I am totally intrigued with the potential for New Zealand wines.
It has only been for the last 30 or so years that plantings have increased to the point where the wines are now widely available. The sauvignon blancs with their crisp grapefruit and herbal-tinged flavors are lovely wines that I enjoy with fish and lighter foods. This is the variety most widely planted in New Zealand and the best known. But, there are other varieties as well and the one that really intrigues me is pinot noir.

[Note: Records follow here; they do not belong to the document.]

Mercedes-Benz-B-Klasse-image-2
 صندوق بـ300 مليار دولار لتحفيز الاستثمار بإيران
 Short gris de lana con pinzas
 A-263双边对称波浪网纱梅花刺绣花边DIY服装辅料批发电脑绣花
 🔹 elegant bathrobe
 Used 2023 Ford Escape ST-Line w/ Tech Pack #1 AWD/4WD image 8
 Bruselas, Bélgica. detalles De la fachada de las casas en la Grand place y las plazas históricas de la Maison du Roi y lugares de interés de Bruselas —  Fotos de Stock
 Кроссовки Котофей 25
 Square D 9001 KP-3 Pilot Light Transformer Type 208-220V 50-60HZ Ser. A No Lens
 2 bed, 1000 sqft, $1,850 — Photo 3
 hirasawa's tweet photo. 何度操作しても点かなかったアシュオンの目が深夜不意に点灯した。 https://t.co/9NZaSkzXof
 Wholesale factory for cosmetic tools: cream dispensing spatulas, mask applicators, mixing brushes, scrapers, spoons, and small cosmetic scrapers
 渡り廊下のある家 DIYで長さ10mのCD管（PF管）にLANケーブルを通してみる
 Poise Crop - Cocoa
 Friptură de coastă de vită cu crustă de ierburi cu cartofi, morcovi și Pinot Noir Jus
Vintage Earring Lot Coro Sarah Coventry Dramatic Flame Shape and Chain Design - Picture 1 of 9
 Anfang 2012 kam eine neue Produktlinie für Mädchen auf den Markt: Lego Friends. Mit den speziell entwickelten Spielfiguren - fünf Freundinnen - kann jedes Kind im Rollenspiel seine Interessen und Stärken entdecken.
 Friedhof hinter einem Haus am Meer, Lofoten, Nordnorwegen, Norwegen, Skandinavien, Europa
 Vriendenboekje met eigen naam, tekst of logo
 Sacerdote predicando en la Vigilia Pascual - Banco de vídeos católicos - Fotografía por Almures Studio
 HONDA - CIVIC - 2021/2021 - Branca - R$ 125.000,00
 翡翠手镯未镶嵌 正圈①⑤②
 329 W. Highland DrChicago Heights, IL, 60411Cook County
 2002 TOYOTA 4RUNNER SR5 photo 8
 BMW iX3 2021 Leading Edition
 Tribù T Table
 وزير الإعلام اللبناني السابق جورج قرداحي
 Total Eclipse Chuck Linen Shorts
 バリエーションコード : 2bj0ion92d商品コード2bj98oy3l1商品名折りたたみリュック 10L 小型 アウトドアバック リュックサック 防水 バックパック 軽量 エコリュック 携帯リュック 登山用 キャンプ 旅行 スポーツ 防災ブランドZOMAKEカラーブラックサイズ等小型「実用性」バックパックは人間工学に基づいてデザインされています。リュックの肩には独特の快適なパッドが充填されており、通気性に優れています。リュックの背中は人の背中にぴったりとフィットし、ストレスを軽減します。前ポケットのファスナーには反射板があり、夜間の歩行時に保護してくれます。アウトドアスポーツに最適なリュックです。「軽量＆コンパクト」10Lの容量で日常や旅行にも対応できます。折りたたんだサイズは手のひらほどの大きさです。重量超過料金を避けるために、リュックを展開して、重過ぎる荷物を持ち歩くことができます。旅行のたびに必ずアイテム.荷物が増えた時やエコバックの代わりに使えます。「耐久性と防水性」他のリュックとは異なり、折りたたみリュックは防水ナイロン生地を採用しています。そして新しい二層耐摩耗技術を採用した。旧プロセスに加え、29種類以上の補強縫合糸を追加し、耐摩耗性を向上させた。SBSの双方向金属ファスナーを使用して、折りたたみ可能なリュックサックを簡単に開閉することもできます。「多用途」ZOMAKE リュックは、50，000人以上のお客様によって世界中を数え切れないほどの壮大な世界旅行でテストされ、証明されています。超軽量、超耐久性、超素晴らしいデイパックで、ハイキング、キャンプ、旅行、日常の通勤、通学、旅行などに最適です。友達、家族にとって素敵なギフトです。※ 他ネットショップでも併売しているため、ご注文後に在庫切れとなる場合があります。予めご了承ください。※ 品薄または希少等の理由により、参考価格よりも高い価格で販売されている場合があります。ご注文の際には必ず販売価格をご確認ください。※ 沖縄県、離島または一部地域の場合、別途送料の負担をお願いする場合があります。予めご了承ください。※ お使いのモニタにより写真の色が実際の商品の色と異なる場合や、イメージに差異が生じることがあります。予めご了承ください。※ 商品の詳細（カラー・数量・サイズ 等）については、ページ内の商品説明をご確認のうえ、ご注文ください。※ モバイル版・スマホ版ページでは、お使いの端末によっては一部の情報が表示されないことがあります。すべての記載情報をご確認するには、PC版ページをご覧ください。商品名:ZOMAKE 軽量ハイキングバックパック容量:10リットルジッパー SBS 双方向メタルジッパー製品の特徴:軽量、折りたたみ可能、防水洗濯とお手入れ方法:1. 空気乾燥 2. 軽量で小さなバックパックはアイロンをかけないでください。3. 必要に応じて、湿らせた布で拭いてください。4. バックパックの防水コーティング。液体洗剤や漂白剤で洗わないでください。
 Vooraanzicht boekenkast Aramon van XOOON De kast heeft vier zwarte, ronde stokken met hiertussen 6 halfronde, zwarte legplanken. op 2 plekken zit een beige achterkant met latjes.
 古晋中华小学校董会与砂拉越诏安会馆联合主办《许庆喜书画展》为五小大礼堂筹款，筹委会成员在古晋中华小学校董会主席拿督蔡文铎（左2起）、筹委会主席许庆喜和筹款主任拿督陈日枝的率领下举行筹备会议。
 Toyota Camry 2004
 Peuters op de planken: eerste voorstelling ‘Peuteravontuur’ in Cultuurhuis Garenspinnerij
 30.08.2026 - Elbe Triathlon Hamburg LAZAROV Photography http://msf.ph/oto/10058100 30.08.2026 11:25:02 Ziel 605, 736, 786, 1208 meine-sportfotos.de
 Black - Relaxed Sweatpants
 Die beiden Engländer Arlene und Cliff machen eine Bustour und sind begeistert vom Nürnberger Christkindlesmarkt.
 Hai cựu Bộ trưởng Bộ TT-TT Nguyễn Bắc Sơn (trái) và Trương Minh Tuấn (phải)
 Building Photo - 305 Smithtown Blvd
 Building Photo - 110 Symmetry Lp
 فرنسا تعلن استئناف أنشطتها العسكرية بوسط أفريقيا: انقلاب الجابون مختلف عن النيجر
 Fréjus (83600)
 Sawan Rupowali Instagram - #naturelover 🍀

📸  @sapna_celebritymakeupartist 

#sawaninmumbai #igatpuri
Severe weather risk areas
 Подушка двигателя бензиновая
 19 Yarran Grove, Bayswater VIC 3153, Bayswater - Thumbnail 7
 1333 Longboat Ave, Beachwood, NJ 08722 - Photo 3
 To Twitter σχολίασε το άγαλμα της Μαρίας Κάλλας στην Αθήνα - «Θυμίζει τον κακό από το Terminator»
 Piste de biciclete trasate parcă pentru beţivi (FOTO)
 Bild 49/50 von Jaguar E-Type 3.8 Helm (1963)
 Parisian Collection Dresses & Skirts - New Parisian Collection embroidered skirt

The most recent one that I have tasted is the 2007 Palliser Estate Pinot Noir from Martinborough, New Zealand. To be honest, this wine is an enigma to me. But, it is exactly that quality that intrigues me. Why? Because I know that the New Zealand pinot noir grapes normally do not get as ripe as in some other New World growing areas. This can produce a wine that has Burgundian character — but that is a double edged sword. Sometimes this Burgundian character is herbaceous and even peppery, which occurs when the harvest grapes are not fully ripe or when there are a lot of green stems included. This character is often referred to as stemminess, herbaceousness, or greenness. And, it is something that can be found in many 2004 red burgundies. But, with enough fruit and from the right producer and vineyard, that character diminishes with time and can actually add complexity to the older wine. This is the vinous equivalent of the maturation of an ugly duckling into a swan. So, with burgundy, I have experience and know what to look for. With New Zealand pinot noir I do not have the same frame of reference. That is the twist.